AI vs OR

Inspired by two unrelated LinkedIn posts. One was bemoaning that they didn't see much success in using AI for route planning. Another bemoaning that operations research (OR) doesn't get the same time in the spotlight as AI does.

OR is about using the power of math to come up with definitive answers to questions such as how to best pack parcels onto different trucks and then send them to different destinations. Generally it's about finding the solution to a problem that maximizes or minimizes some objective function subject to some constraints.

I've seen first hand how OR is treated as the ugly step sibling of AI. At a previous job, in a pre-sales call, we were looking at a slam dunk OR problem. But the client kept pushing, because they wanted an AI solution. Maybe to impress investors, maybe to access special purpose government funding. Either way, the project didn't make sense that way and the client lost out on actually solving their problem.
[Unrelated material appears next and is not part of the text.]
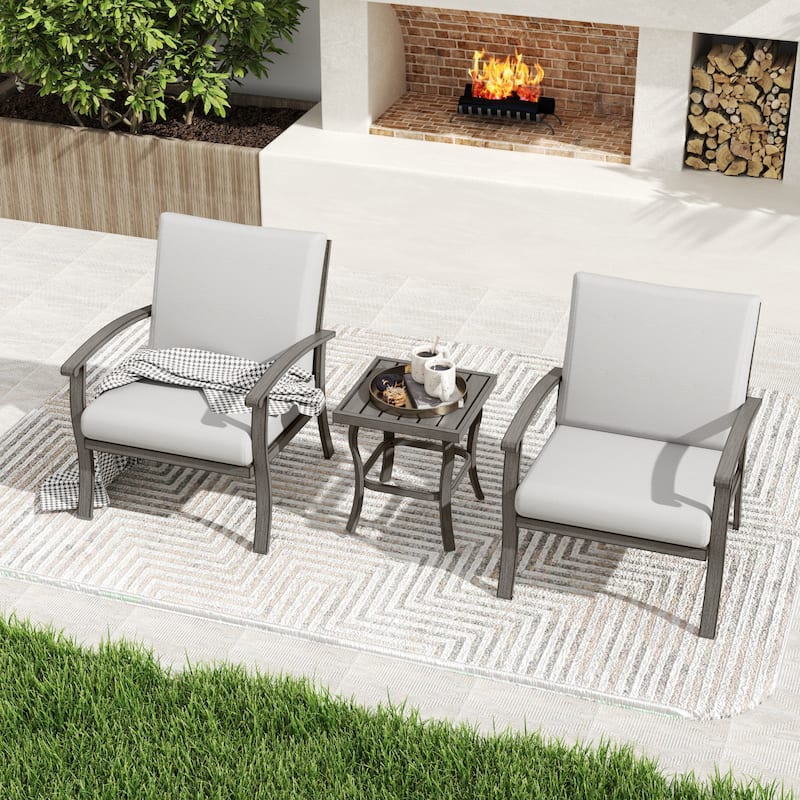 3-Piece Aluminum Patio Bistro Set with End Table, Armchairs and Light Gray Cushions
In a way, AI and OR complement each other. OR solutions are mathematically precise and require no training data. They're great for "narrow road" problems where and slight departure from the right path leads to an invalid answer instead of just a "good but not great" answer.

Where OR lacks though is ease of use. Taking a messy real world problem and shoving it into the mathematical formulations amenable to common solvers is hard, highly specialized work. You can't just hand a trucking company a license to Gurobi (a popular tool for optimizing so called mixed integer problems) and be on your merry way.

So that's where AI can come up the rescue. I have great hopes for what a generative AI interface into the arcane OR tools could do.

Because many people in industry I talk to have problems much more suited for OR, yet they are looking for solutions among the AI tools, because that's what everyone, from LinkedIn influencers to the big consulting firms, is pushing.